UniCredit Leasing—legally distinct from UniCredit’s retail bank and focused solely on leasing—sought a resolution for a seven-asset portfolio of city-centre retail complexes located in Udine, Trieste, Grado, Lignano Sabbiadoro, Treviso and Venezia Friuli Giulia. Before 2019, Italian law did not allow securitisation of leasing debt, forcing lenders into cumbersome repossession routes. Although a new statute has since simplified restructurings, this portfolio still faced acute challenges: 

  • Multiple disputes between borrower and bank over signed documentation. 

  • Persistently low declared revenues with borrowers prioritising operating expenses and leaving creditors unpaid for several years. 

UniCredit Leasing required a negotiated mechanism enabling borrowers to repay an agreed amount and release the bank from the position. 

 

Our Mandate 

Polymath & Boffin was tasked to: 

  1. Deliver a consensual exit in which borrowers could settle the bank’s exposure through an agreed procedure. 

  1. Stabilise income by repositioning each retail complex. 

  1. Create a platform that would support long-term viability for both borrowers and tenants. 

 

Solution Architecture 

Over the course of twelve months, Polymath & Boffin executed a building-by-building business plan: 

  • Market re-underwriting. We contacted major brands and retail groups across the region, structuring a pooled rental offering available exclusively to a curated roster of retailers. 

  • Destination branding. A shared brand identity was rolled out across all seven complexes, ensuring strong overlap of recognised retailers and a cohesive consumer proposition. 

  • Tenant co-ownership. The resulting brand became co-owned by participating retailers, giving them a direct stake in the success of each location. 

  • Capital access. With a diversified, financially robust tenant base in place, the borrower leveraged improved cash-flow security to raise new capital this during a period when retail assets were broadly out of favour. 

  • Bank Workout. UniCredit Leasing accepted a negotiated reduction on headline exposure but avoided a protracted and costly foreclosure in a borrower–tenant related-party scenario. 

 

Outcome & Benefits 

  • Bank exit achieved. UniCredit Leasing was fully repaid and exited the portfolio within one year. 

  • Debt restructured. Borrowers secured new financing aligned with sustainable rental streams. 

  • Product remodelling. The retail offering was refreshed under a single destination brand, enhancing long-term resilience. 

 

Why It Matters for Investors 

  • Transparent income profile. A pooled, creditworthy tenant roster lowers vacancy risk and supports predictable cash flows. 

  • Stakeholder alignment. Co-ownership by retailers incentivises on-site performance and upkeep. 

  • Replicable playbook.
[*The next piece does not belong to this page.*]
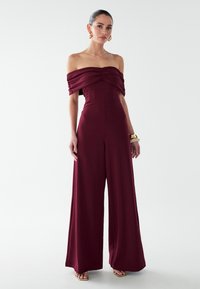 Moteris vilki bordo spalvos off-shoulder kombinezoną su plačiomis kojomis, auksinėmis auskaromis žiedais ir apyrankėmis, stovinti priešai paprastą baltą foną.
The transaction demonstrates how disciplined branding and tenant aggregation can unlock financing solutions for challenged retail portfolios, even under leasing-law constraints. 

 

By steering all parties toward a fact-based, brand-led restructuring, Polymath & Boffin transformed a distressed leasing situation into a stable, investible platform thus delivering clarity for lenders and fresh opportunity for asset owners.